ByLuke Barr ABCNews logo
Wednesday, November 2, 2022
American woman accused of fighting for ISIS
The Kansas woman charged with leading an all female batallion of ISIS and plotting attack targets in the U.S. appeared in court Tuesday.

A Kansas mother who was convicted of leading an ISIS battalion was sentenced to 20 years in prison on Tuesday.



Allison Fluke-Ekren, 42, pleaded guilty in June to expressing interest in carrying out terrorist attacks in the United States in support of ISIS on six separate occasions between 2014 and 2017, according to court documents unsealed in February.



Note: The video in the player above is from a previous report.



In letters to the court, her family described Fluke-Ekren as a "monster." In court on Tuesday, her adult daughter said her mother forced her to marry an ISIS fighter who raped her when she was only 13.



"My mother is a monster who enjoys torturing children for sexual pleasure.
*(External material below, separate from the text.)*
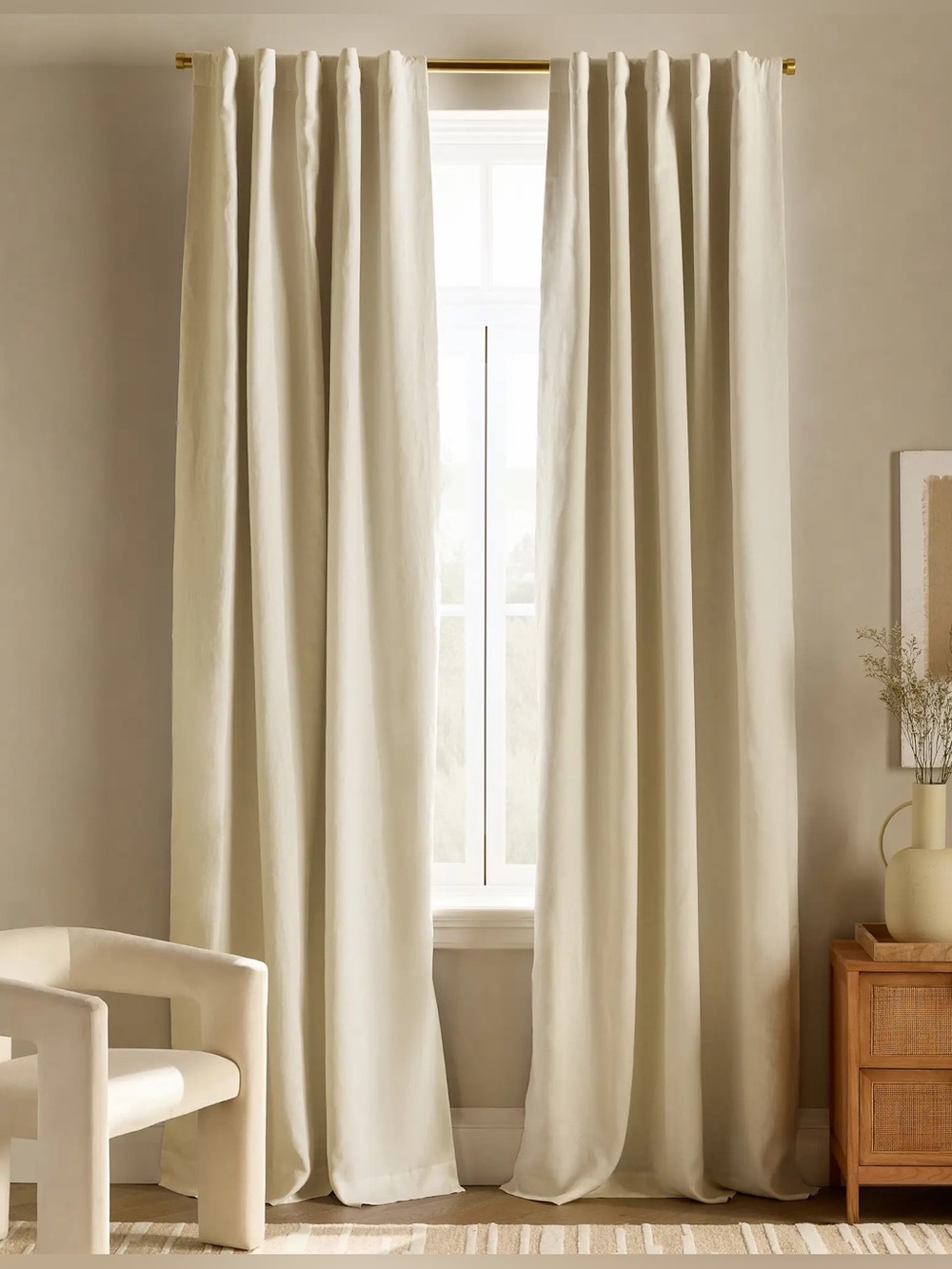 European Linen Room Darkening Curtain - Ivory 96”x 84”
My mother is a monster very skilled in manipulation and controlling her emotions to her advantage," wrote her son, who remains unnamed in court documents filed by the Justice Department last week. "My mother is a monster without love for her children, without an excuse for her actions."



Fluke-Ekren's son, according to court documents, said she physically abused him as a child. Fluke-Ekren trained over 100 women and young girls, some just 10 years old on how to use automatic weapons, grenades and suicide belts, according to the Justice Department.



"Allison Fluke-Ekren brainwashed young girls and trained them to kill," court documents say. "She carved a path of terror, plunging her own children into unfathomable depths of cruelty by physically, psychologically, emotionally, and sexually abusing them. For at least eight years, Fluke-Ekren committed terrorist acts on behalf of three foreign terrorist organizations across war zones in Libya, Iraq, and Syria."



She also urged her daughter to delete messages shared between them to make sure she wasn't caught in Syria where she had taken her children and was evading U.S. law enforcement, according to audio recordings played in court. Her daughter in court documents said she would inflict pain on her children, picking out what each one disliked the most and inflicting that damage upon them, then getting off on the pleasure of doing so, court documents say.



Fluke-Ekren was arrested in Syria earlier this year and transferred to U.S. custody, according to the DOJ.



Fluke-Ekren, who also used the name Umm Mohammed al-Amriki, moved to Syria in 2012 and married a "prominent" ISIS leader, court documents said. She can reportedly speak four languages, and the documents alleged she rose up the ranks to command her own all-female battalion.



"Fluke-Ekren's alleged ISIS-related conduct includes, but is not limited to, planning and recruiting operatives for a potential future attack on a college campus inside the United States and serving as the appointed leader and organizer of an ISIS military battalion located in Syria, known as the Khatiba Nusaybah, in order to train women on the use of automatic firing AK-47 assault rifles, grenades, and suicide belts," court documents filed in January said.



Prosecutors say she provided ISIS members with services, which included lodging, translating speeches made by ISIS leaders, teaching extremist ISIS doctrine and training children on the use of weapons and suicide belts.



Justice Department prosecutors said they believe the 20-year sentence is not enough.



"Twenty years in prison is insufficient to fully account for her monstrous acts of terror and the immeasurable damage that she has caused to countless individuals across the globe, including her own children," prosecutors said.



One former friend, who said she last spoke to Fluke-Ekren more than 10 years ago, painted a picture of a woman who was close with her family but then became increasingly radicalized.



"I told people who she was friends with in Kansas, I told them, 'This girl is radicalized,'" said the former friend, who agreed to be identified by her last name, Farouk. Farouk knew Fluke-Ekren when she lived in Kansas and then as a teacher in the Middle East.



She said Fluke-Ekren was a "good mom" and that their children were close, but that living in the Middle East as a teacher during the 2010 unrest of the Arab Spring and ensuing refugee crisis deeply impacted her.